NH: Who were the influences at this time?
nh: Charles Mingus' bands with Dannie Richmond was a very big influence,
the way the rhythm section would lead the way. I can also clearly remember
the day I got Derek Baileys book. I immediately made Lee and Josh read
it. I know that Lee grew up with Phil Woods and similar players, and
at this time he was getting into Ornette Coleman, Eric Dolphy, Anthony
Braxton and such. But you would really have to ask him. With Josh, I
have no idea. I know he listens to everything from Jaco to Richard Davis
to Jonas Hellborg to Sting. Again, you are going to have to ask him.
Personally, I was still very much into Tony Williams, Paul Motion, Elvin
Jones, and Jack DeJohnette but also starting to listen to more Europeans
(Tony Oxley, Han Bennink, Paul Lytton) and the downtown scene (Masada,
Bloodcount, Barondown, etc...).
NH: When did your compositions become a focal point?
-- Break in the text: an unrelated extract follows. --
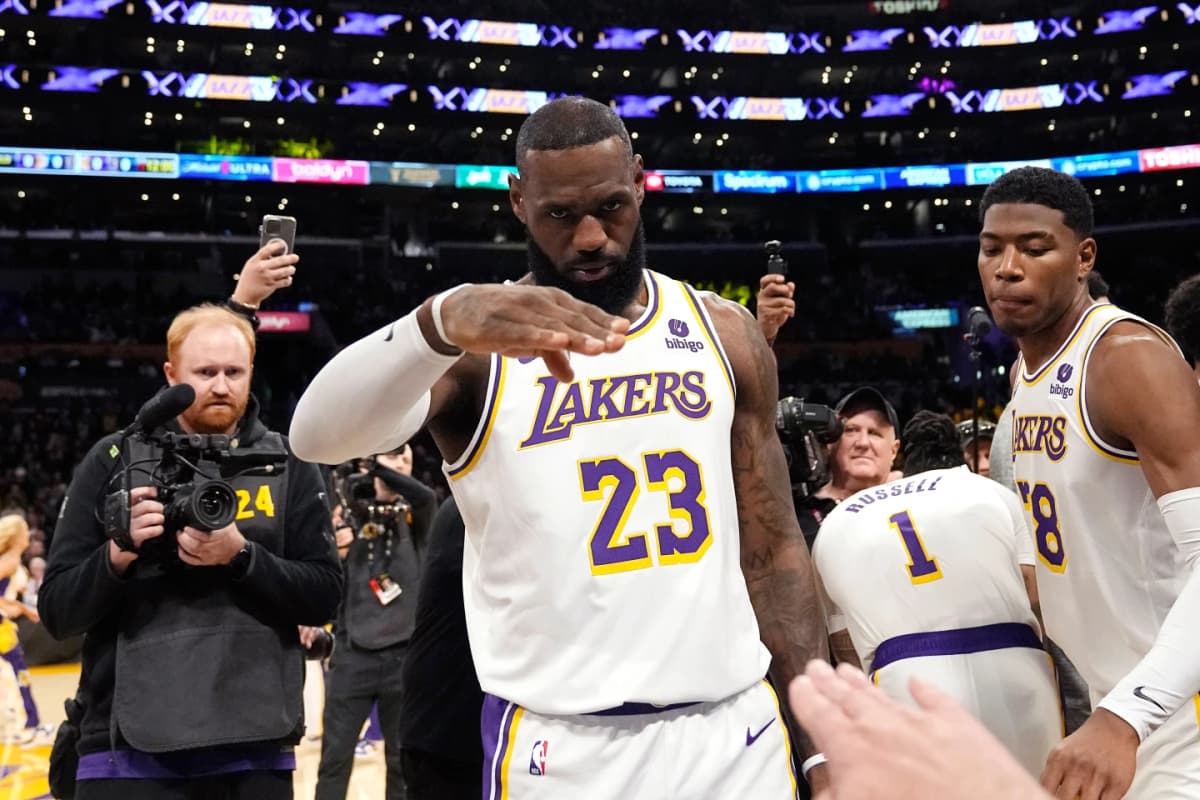 Comienza la agencia libre en la NBA, y LeBron vuelve a tener todas las miradas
nh: Earlier versions of the band had played several of my tunes, but
the first tune I was happy with was one rainy night. The solo
section for this was originally a G locrain vamp, but ended up as an
open improvising territory. This opened many new playing (and compositional)
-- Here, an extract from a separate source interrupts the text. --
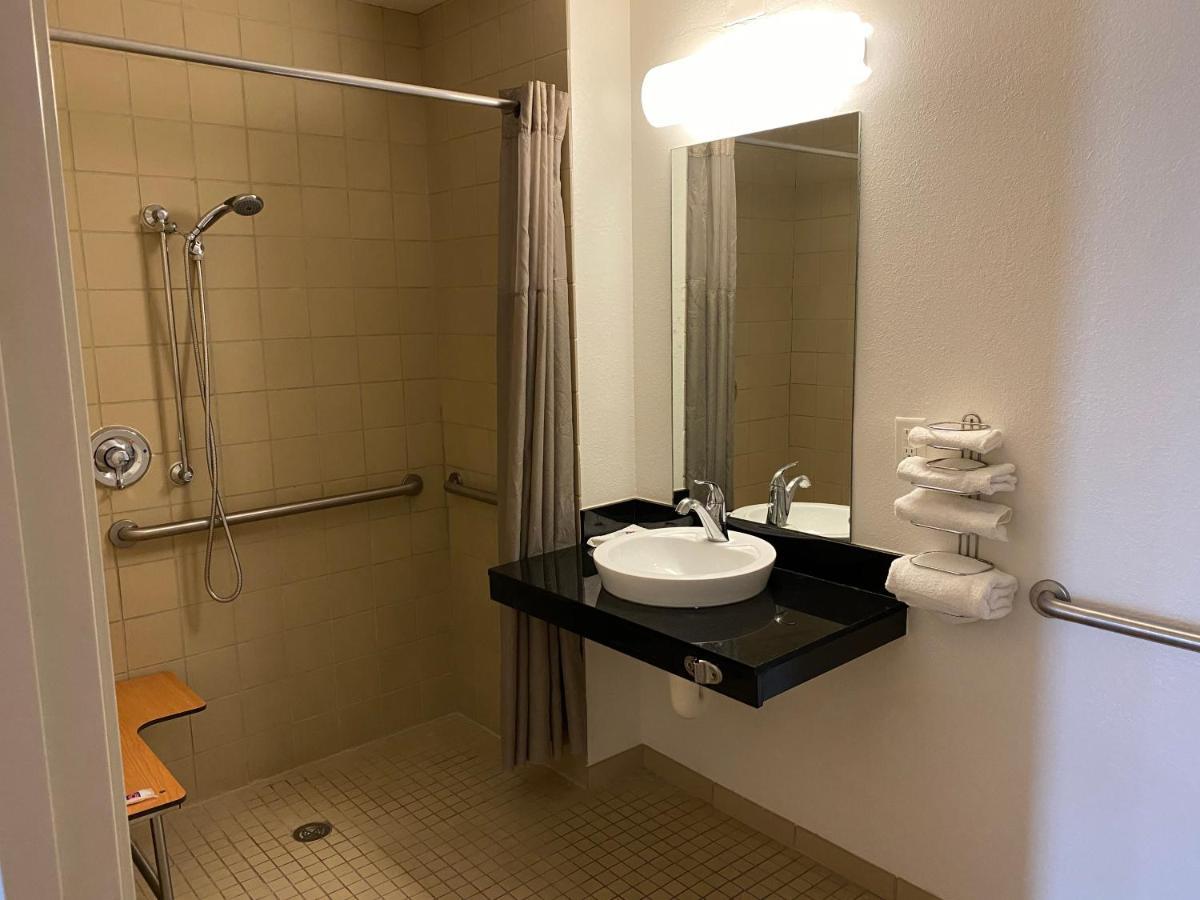 Motel 6-Memphis, Tn - Downtown Eksteriør bilde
concepts for us as a band. I was still writing quite a few tunes that
were trying to sound like standards. Around this time I dropped that
concept and really began to work on what I was hearing in my head. For
a while we mixed these tunes in with standards, until about the time
we released the first CD, by which time we had band books and were playing
my compositions almost exclusively.
NH: What was the concept behind promises (the first RTO CD)?
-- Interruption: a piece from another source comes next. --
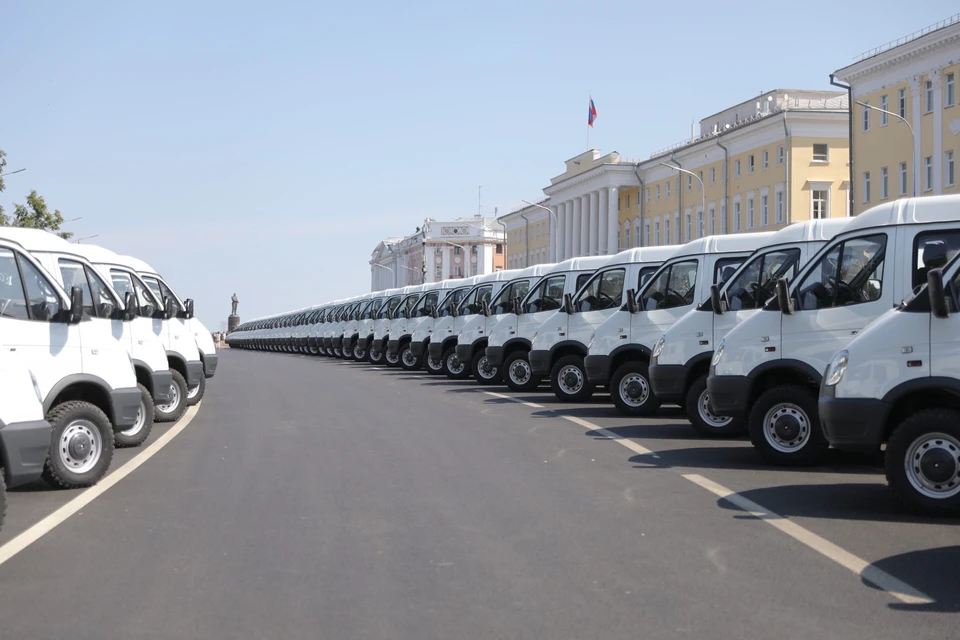 103 новых автомобиля скорой помощи получили нижегородские больницы 13 июля. ФОТО: Кирилл Мартынов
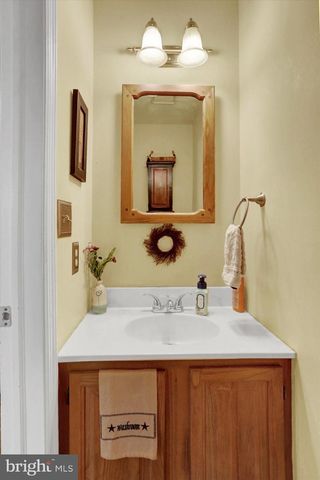 183 STONE HOUSE LN, Columbia, PA 17512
nh: My great-grandmother (Stella Hubbard) was an incredible painter/artist.
Around this time I had purchased a Pete LaRoca CD intitled Turkish Woman
at the Bath. As you might know, the compositions on this CD were all
inspired by a painting by Jean Auguste Dominique Ingres. I thought that
if Pete can write a record around a painting, why can't I? So I started
writing these tunes. I believe blurred image was first, but they
all got done. Each composition corresponds to a painting, or in the
case of promises, about my feeling surrounding the paintings.
We recorded the album twice, about a year apart. With that time, I was
able to revise several tunes, drop one tune, add three new tunes, and
ask Ward Baxter to play on the tunes I felt needed to be quartet. I
continue to write compositions based on these paintings. We have enough
new material to fill two more CDs.
NH: In recent years, there has been a growing trend of painters and
improvisers working together, say Tony Oxley and Alan Davies for example.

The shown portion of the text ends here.